Another example is the prohibition of restrictive terms of use, which prevent users from engaging with competitors, stemming from the Google Search (Shopping)8 case. In this case, Google systematically positioned the Google Shopping Service while demoting competitive shopping services, meaning that users would see Google products in the search results first. This kind of self-preferencing by Google was found to be an abuse of dominance, and as such was deemed an anticompetitive practice by the Commission.

Enforcement measures under the DMA

If a Gatekeeper does not comply with the obligations set out in the DMA, the Commission may impose fines of up to 10% of the Gatekeeper’s total worldwide turnover generated in the previous financial year. Notwithstanding previous fines, the Commission may further impose a fine of up to 20% of total worldwide turnover if the Gatekeeper repeatedly infringes the same DMA obligation.

In addition, if the Gatekeeper keeps making systematic infringements of the DMA, the Gatekeeper could be banned from carrying out mergers with other undertakings for a specific period of time.

Above measures are accompanied by other powers of the Commission to ensure compliance with the DMA through information requests, market studies, inspections etc.

Further implications of the DMA

Digital markets are characterized by the “winner takes all” principle, where once an undertaking gets ahead, it will only do better and better over time making it harder for other undertakings to compete, eventually resulting in one major player in that market.
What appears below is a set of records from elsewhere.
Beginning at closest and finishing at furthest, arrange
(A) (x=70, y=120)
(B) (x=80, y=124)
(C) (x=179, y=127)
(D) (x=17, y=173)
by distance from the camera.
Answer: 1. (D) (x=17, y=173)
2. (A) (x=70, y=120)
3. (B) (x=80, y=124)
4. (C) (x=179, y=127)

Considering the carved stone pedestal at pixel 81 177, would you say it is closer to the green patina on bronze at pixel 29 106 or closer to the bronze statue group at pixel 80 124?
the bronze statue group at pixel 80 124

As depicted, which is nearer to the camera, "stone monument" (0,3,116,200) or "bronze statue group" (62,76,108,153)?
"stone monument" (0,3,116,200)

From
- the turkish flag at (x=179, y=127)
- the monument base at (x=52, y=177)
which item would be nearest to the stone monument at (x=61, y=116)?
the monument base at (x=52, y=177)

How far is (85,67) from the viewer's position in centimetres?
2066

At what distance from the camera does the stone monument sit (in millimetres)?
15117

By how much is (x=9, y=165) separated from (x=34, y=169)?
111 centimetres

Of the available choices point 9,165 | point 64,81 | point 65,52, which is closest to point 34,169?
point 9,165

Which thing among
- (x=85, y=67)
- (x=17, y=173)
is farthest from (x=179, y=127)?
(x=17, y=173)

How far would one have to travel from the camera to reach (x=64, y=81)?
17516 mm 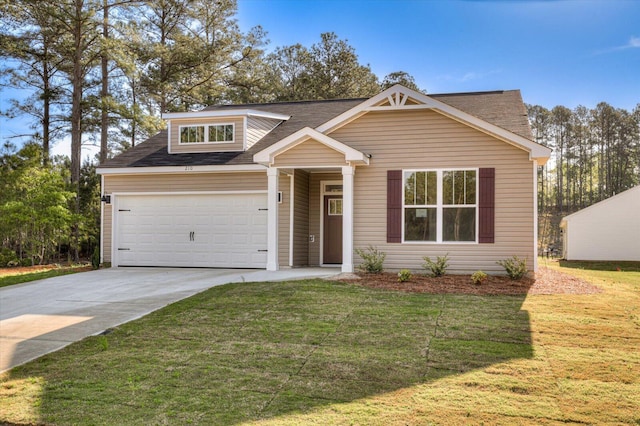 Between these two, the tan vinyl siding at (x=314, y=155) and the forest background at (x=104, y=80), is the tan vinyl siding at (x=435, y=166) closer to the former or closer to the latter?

The main goal of the DMA is to level the playing field in digital markets by creating transparency and more choice for both end users and business users.

For the Gatekeepers, the DMA introduces new rules which will require systemic, technical and procedural changes to previous conduct and increased administrative and legal burden. For businesses dependent on Gatekeeper’s (platform) services, the DMA should enable fairer terms in the digital markets, which should further incentivize growth and innovation, leading to a more balanced market for both business and end users.

The DMA should provide an improved position for business users and ensure a higher level of equality and transparency, ideally leading to a fairer and contestable market. Small and medium enterprises will be able to offer and provide their services in a fairer environment, and they will stop being so reliant on the Gatekeepers to provide their services. As a result, there should be more incentives and opportunities for innovation.

Most importantly, the DMA should improve the position of consumers as end users of the CPS. The DMA should allow more freedom of choice, improved protection of user data and introduce the benefits of data interoperability and data portability. The DMA also aims to facilitate user choice of alternative options that are available beyond the limits of certain online platforms and enable fairer competitive prices which will stimulate the market.

There has been considerable criticism regarding the lack of clarity provided by the final text of the DMA. Critics have also questioned the fairness of this type of regulation towards Gatekeepers seemingly being punished for their success. The real effects of the DMA remain to be seen.

Nevertheless, the DMA presents an ambitious and innovative approach to competition law enforcement and aims to balance the power of the Gatekeepers through creating a fairer marketplace and ensuring users have more options available to protect their fundamental rights when using Gatekeeper services.


1 Regulation (EU) 2022/1925 of the European Parliament and of the Council of 14 September 2022 on contestable and fair markets in the digital sector and amending Directives (EU) 2019/1937 and (EU) 2020/1828 (Digital Markets Act) [2022] OJ L265/1.

2 Case AT.40462 Amazon Marketplace.

3 Case AT.40452 Apple – Mobile payments.

4 Case AT.39740 Google Search (Shopping).

5 Case M.8228 Facebook/WhatsApp.

6 Case AT.40462 Amazon Marketplace.

7 Case AT.40099 Google Android.

8 Case AT.39740 Google Search (Shopping).